Если мне не изменяет память, хотя, она мне изменяет  ::  
Ich denke, dass ich [meinen Post] nicht korrekt geschrieben habe. = Я думаю, что мой пост не был верно написан.
Я имел ввиду то, что написала Оля.
Я надеюсь, что правильно перевел? 
Danke für die Korrektur, Olya! Ja, es ist. Leider, 5 Jahre ohne Praxis lassen über sich wissen.
Ich hatte wegen, dass Olya geschrieben hat.
Ich hoffe, dass ich richtig übersetzen habe?

----------


## Оля

> Ich denke, das habe ich nicht korrekt geschrieben. = Мысль, которую я неверно написал. Или: Я думаю, что никогда не писал это правильно.

 Нет, второй вариант по-немецки звучал бы "Ich denke, das habe ich *nie* korrekt geschrieben".

----------


## abehterev

> Нет, второй вариант по-немецки звучал бы "Ich denke, das habe ich *nie* korrekt geschrieben".

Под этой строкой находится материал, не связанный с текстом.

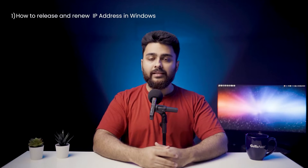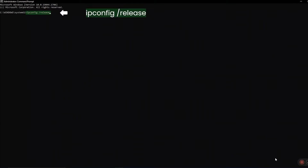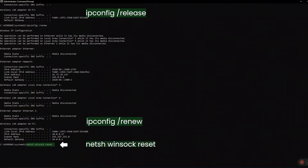How to release and renew the IP address in Windows? Right-click on the command prompt and select Run as Administrator. Insert the following commands and press Enter between each one. Doing this can also prevent potential errors due to malicious scripts from downloaded files. Once done, close the command prompt and restart the computer.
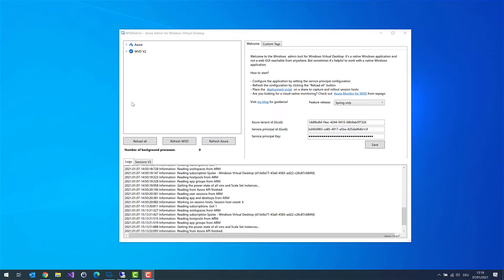In the last video I showed you how to configure WVD Admin to use it in your environment with your Azure subscription. Let me show you one part I missed.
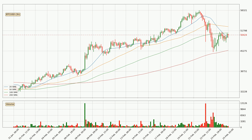Jumping to the three-hourly simple moving averages, at the moment the price is between the 20 and the 100 SMA. If the price bounces off the 20 SMA, which is currently at $49,743, it could be seen as a support, and the 100 SMA at $51,099 could be perceived as a resistance to the upside. If there were to be a break either way, it means that there could be a continuous move in that direction.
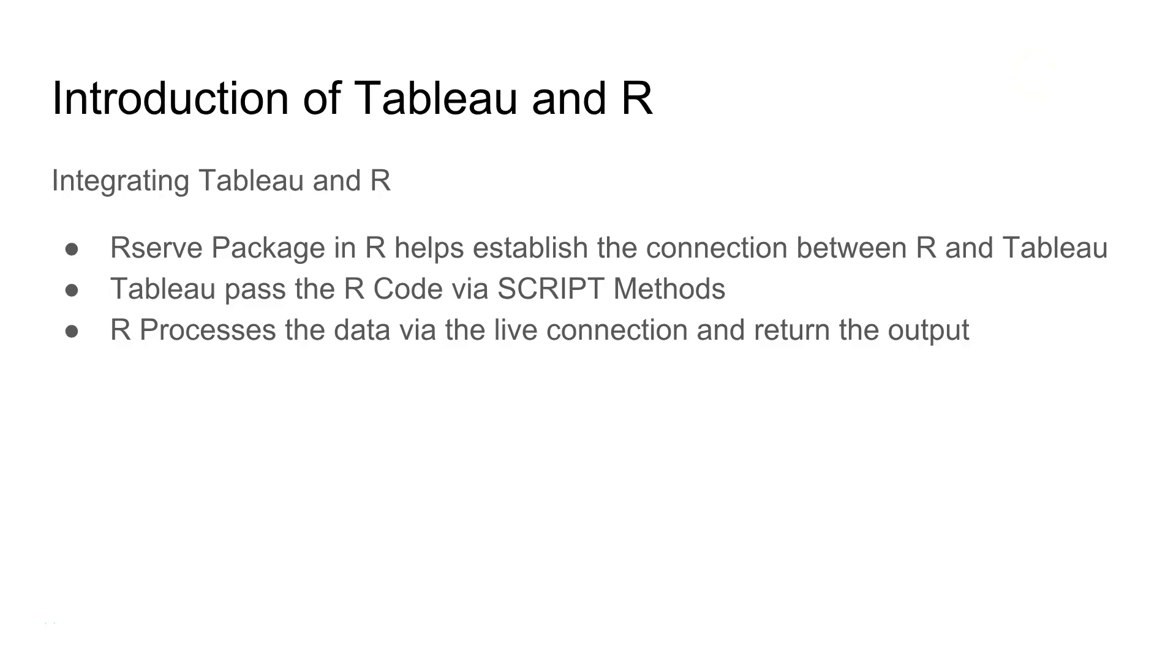Hi guys, welcome to the next video. In this video, I will talk about how you can integrate Tableau with R.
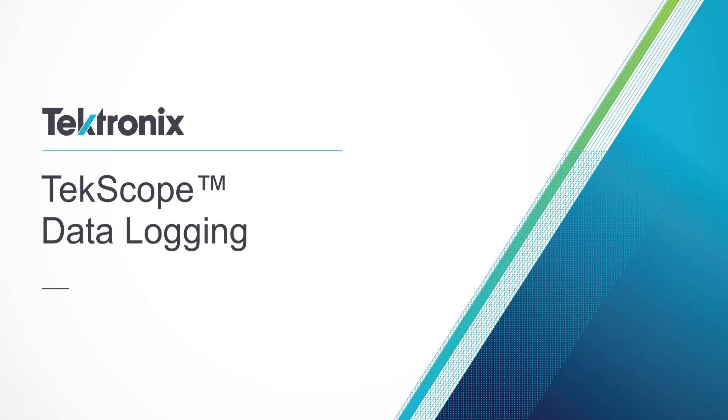This was a quick introduction to TekScope's new data logging feature. We hope you enjoyed this video.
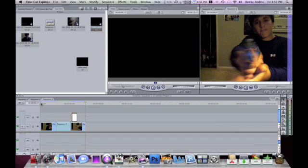This is Bobby93 Macboy, another Final Cut Express tutorial, lots more coming. If you guys like my videos make sure you rate, comment and subscribe, and I will see you guys next time. Peace.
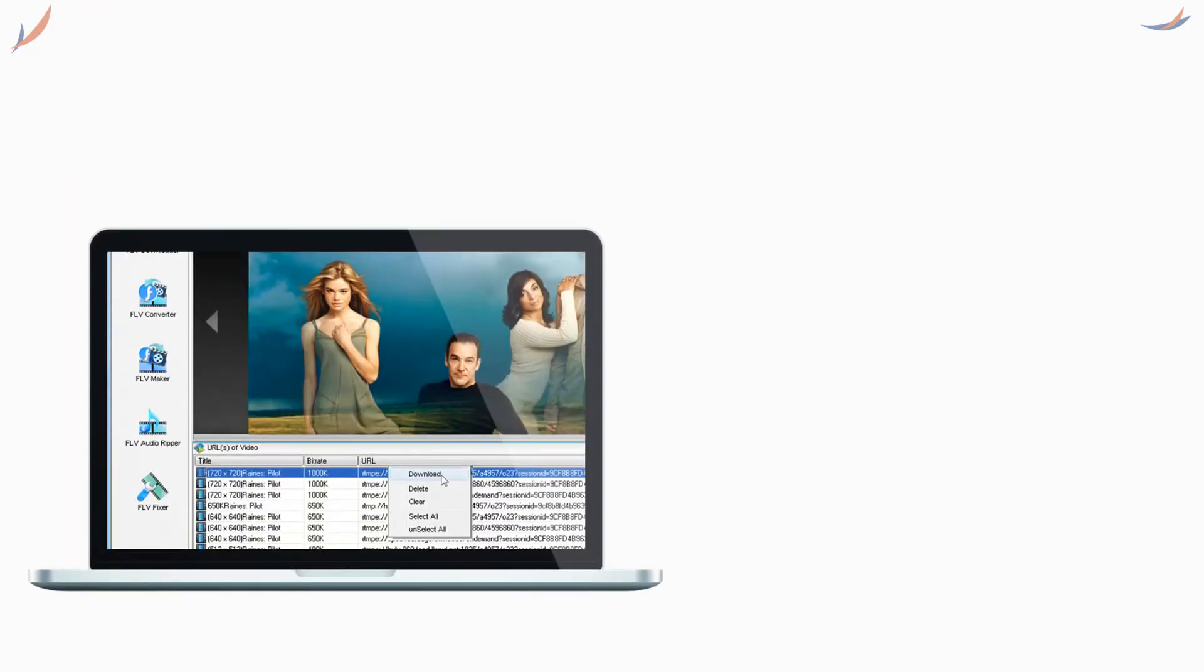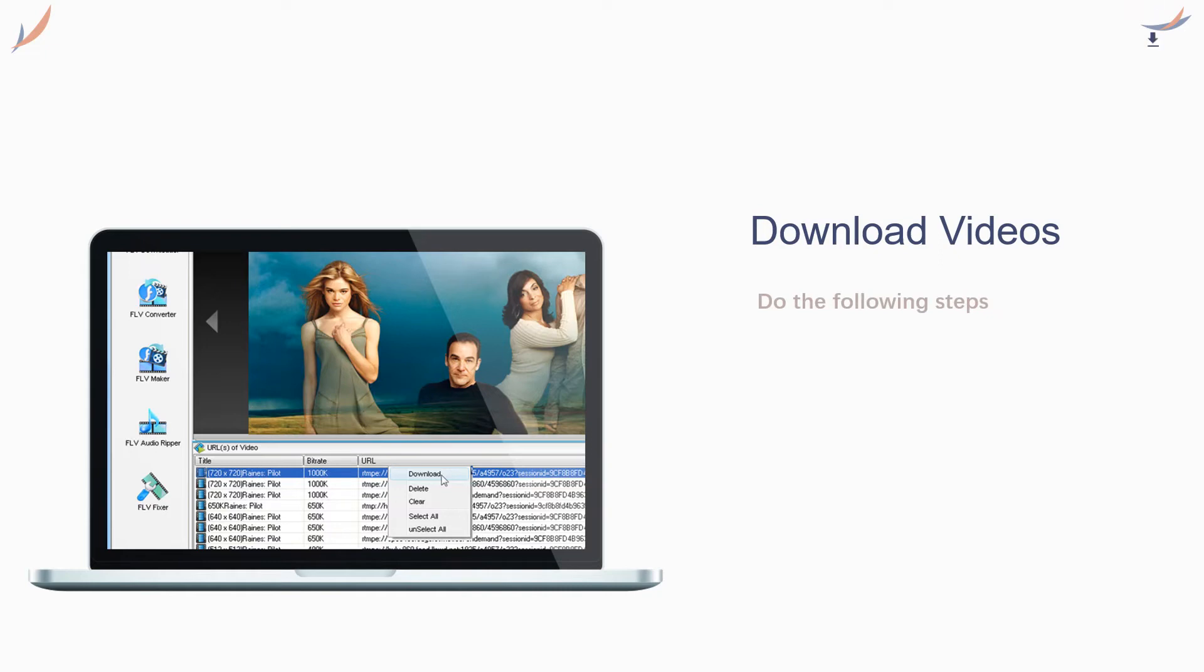Third step: play the video stream you want to download. GetFLV will detect the video URL. Select the right URL and click the download button to download it.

 Ну вот и подумал что не двойное отрицание... Т.е. первое?

----------


## Zaya

> Я *имел в виду* то, что написала Оля.
> Я надеюсь, что правильно перевел?

 Откуда нам знать, на что ты надеешься. :P 
Как выразились на каком-то форуме, «„ввиду“ — это скорее угроза».  ::    http://gramota.ru/, «ввиду чего-либо» и «иметь *в виду*»  http://lingvo.yandex.ru/*de, «иметь в виду, подразумевать»* Впрочем, *Оля* уже употребила глагол _meinen_ в одном из сообщений этой темы. 
Let me try. )  _(Я) надеюсь, это я правильно перевел.
Ich hoffe, das habe ich richtig übersetzt._ _
(Я) надеюсь, я это правильно перевел.
Ich hoffe, ich habe das richtig übersetzt._
oder _Ich hoffe, dass ich das richtig übersetzt habe._ (твой вариант  :: ) 
Советую перестать переводить буквально. Как с русского на немецкий, так и с немецкого на русский.  ::  Для этого нужно обзавестись хорошей грамматикой (или учебником ::  и словарем (впрочем, словари и в Интернете есть, ссылки см. выше). Чтобы вспомнить, как устроен немецкий язык, и чтобы было где подглядывать управления глаголов (т. е. какой должен после глагола быть предлог и в каком падеже должно стоять дополнение). Вот, например, цитата из словаря: *übersetzen* *II* 
1) переводить (_с одного языка на другой_) _aus dem Russischen ins Deutsche übersetzen — переводить с русского языка на немецкий_
Готовая фраза, бери и пользуйся. (: Вместо того, чтобы лепить предлоги наугад.
Я понимаю, сейчас в голове путаница, но если регулярно заниматься языком, то все изменится. К лучшему.  ::  
З. Ы. Хочу спросить насчет _ввиду -> wegen_. Это был машинный перевод? (: 
* хотя… похоже, тебе здесь и так все объясняют )

----------


## abehterev

> Готовая фраза, бери и пользуйся. (: Вместо того, чтобы лепить предлоги наугад.
> Я понимаю, сейчас в голове путаница, но если регулярно заниматься языком, то все изменится. К лучшему.  
> З. Ы. Хочу спросить насчет _ввиду -> wegen_. Это был машинный перевод? (:

 Да уж, сейчас точно путаница. Про перевод мысли понятно, только фразы из головы не вытягиваются   ::  
Отчачти машинный, хотя старался составить правильно.
В голове путаница не столько от грамматики (ее вдолбили) сколько в синтезе фраз.
Например, с немецкого я понимаю не буквально, а вроде даже как раз то, что хотели сказать, а вот на немецком ничего сказать/написать не могу.
Как собака, все понимаю, а вот сказать не могу   ::

----------


## bitpicker

> Und kannst du mir sagen, warum es gibt auf Deutsch zwei form: Perfect und Prateritum, wahrend beide bedeuten das gleiche. (Ich weiss von ihrer Existenz, aber es ist einfach interessant.)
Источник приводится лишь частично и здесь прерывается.